I returned the phone to Buchi and made a mental note of the fact that I would still need to speak with this same mugu soon. If Ben successfully convinced him to send another $9,000 for the contract documents to be drawn up, Mr Trotter would probably want to ring the Port Harcourt Refinery office to make some further enquiries.
The clicking of gum and the talking resumed. I was about to return to my screen when Wizard let out a high-pitched cry.
‘My lollipop is awake o! My lollipop is awake!’
All of us recognised this as our daily call to amusement. We rushed over to Wizard’s desk. The words he typed onto the screen sent everybody quaking with laughter.
‘Oh lollipop,’ he had written, ‘am really scared, hun. Am really scared that I ain’t gonna see you again no more, my darl. These people are really threatening me. You know how wild these Africans can be.’
My laughter became the loudest of all.
Wizard had been conducting several online relationships with randy foreigners he met in chatrooms. His romance with this particular American had been going on for six weeks. When their loooove blossomed to the point where the man proposed to ‘Suzie’ that she travel from East Windsor, New Jersey to visit him in Salt Lake City, Utah or vice versa, she informed him that she was just on her way to Nigeria on a business trip. She was a make-up artist, you see, and had an offer to transform girls strutting down the catwalk for an AIDS charity in Lagos. She had arrived in Lagos two days before, and had her American passport stolen in a taxi. Now, she had no way of cashing her traveller’s cheques and the proprietor of the hotel was threatening arrest.

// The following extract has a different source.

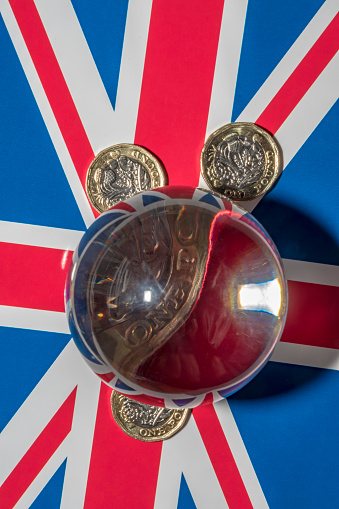 Crystal Ball with new UK 1 Pound Coin and Union Jack Flag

‘Oh babe,’ the man replied, ‘what you gonna do now? Ain’t there no way of taking it to the police?’
‘Sugar pie, all they gonna want is bribes,’ Wizard replied. ‘Hun, I’m gonna really need your help right now. I wanna see if you can show me that you really love me and that what we share is real. Can you do me a real big favour?’
Wizard must have been watching a lot of American movies. His gonna-wanna American-speak was quite fluent.

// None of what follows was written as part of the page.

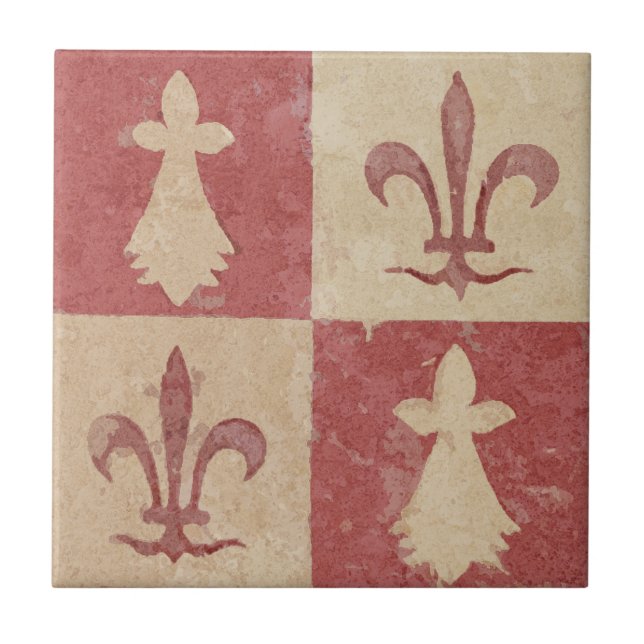 Carreau Motif Antique Français Médiéval de Fleur de Lis (Devant)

‘Sure, babe,’ the man wrote. ‘Anything I can do to help.’
‘Honeybunch, I wanna send the traveller’s cheques to you to pay into your bank account. Can you do that and send me the cash?’

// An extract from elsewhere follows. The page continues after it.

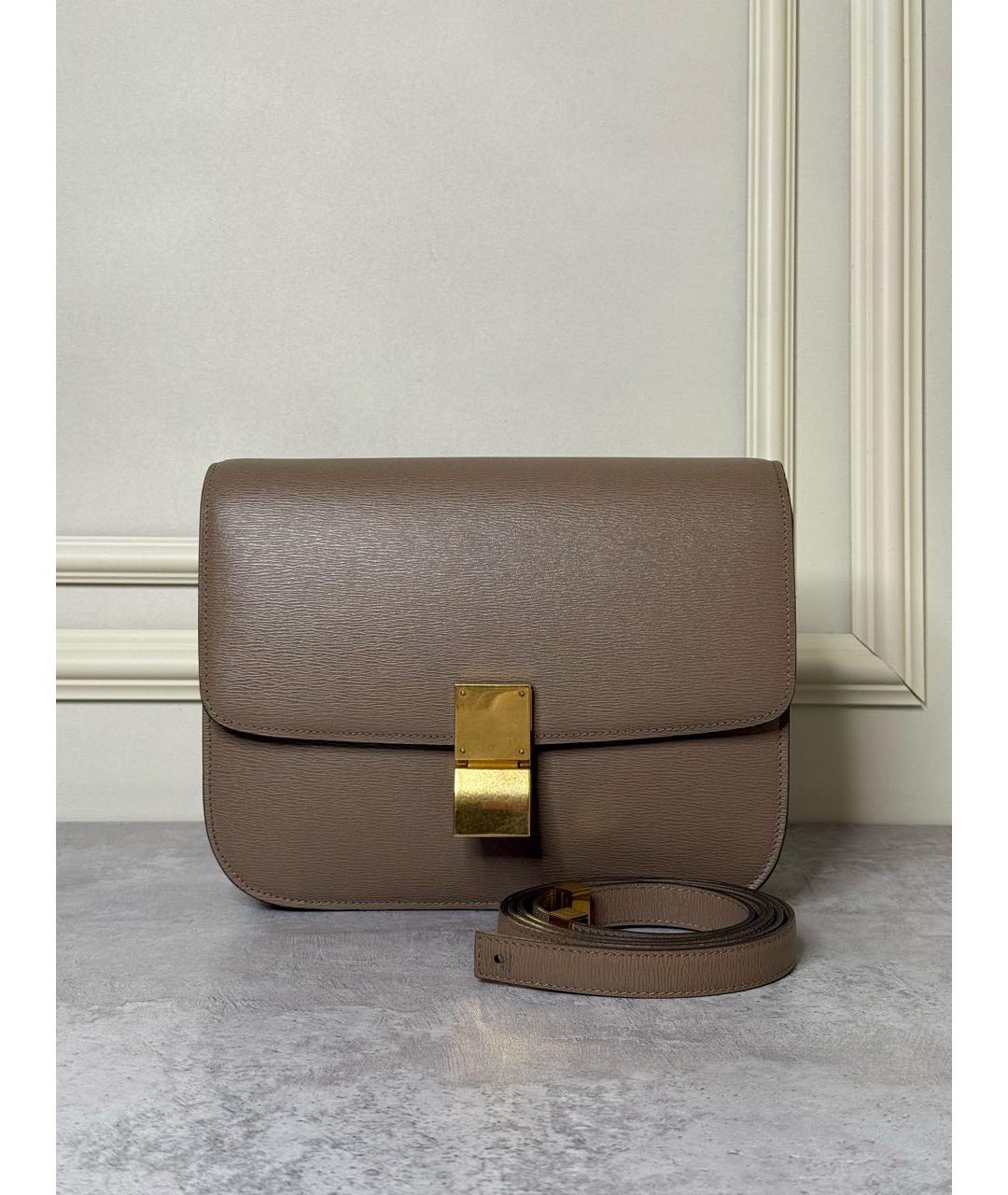 CELINE Бежевая кожаная сумка через плечо, фото 9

Wizard broke off typing and turned quickly to us. ‘How much should I write? Is $2,000 OK?’
‘That’s too small,’ Ogbonna said. ‘Double it.’
‘Yes, double it,’ we concurred.
Wizard resumed.
‘What I’ve got in cheques is about $4,000. Honey, I gotta have some help real quick. Can you be the one to help me out here?’
Suzie went on to explain to her beau that the cheques would arrive within three days; she would send them by DHL. He should deposit the cheques as soon as he received them, and then send her the cash by Western Union. Since her own passport had been stolen, she would send him the name of one of her colleagues at the charity event so that he could send the Western Union in the colleague’s name. The lover boy, swept away by the current of true love, wasted no time in responding.
‘Anything for you, sweetie. I ain’t got that much in my cheque account right now but I could get some from my credit card and replace once I’ve cashed the cheques.’
All of us screamed the special scream. Wizard had made a hit.
It would take about eight days for the bank to process the documents, before the man realised that the cheques that had been paid into his account were fakes. I looked in a corner of the chat box and saw the photograph of the bearded, voluminous Caucasian. Then I looked in Wizard’s own box and saw the photograph of the trim, buxom blond who had no resemblance whatsoever to the V-shaped eighteen-year-old clicking away at the keyboard. My heart went out to the lonely man, but Wizard was untroubled.
‘Thanks honeysuckle,’ he wrote. ‘I knew I could really count on you. Please get it done ASAP cos I ain’t got nothing left on me no more.’
‘Sure, Suz,’ the man replied. ‘By the way, babe, you gotta take good care of yourself and watch out, OK? Maybe I should’ve warned you when you said you were going. I saw on CNN sometime that the folks in Nigeria are real dangerous.’
‘No problem, love,’ Wizard replied. ‘I’ve learnt my lesson and I’m gonna take real good care of myself from now.’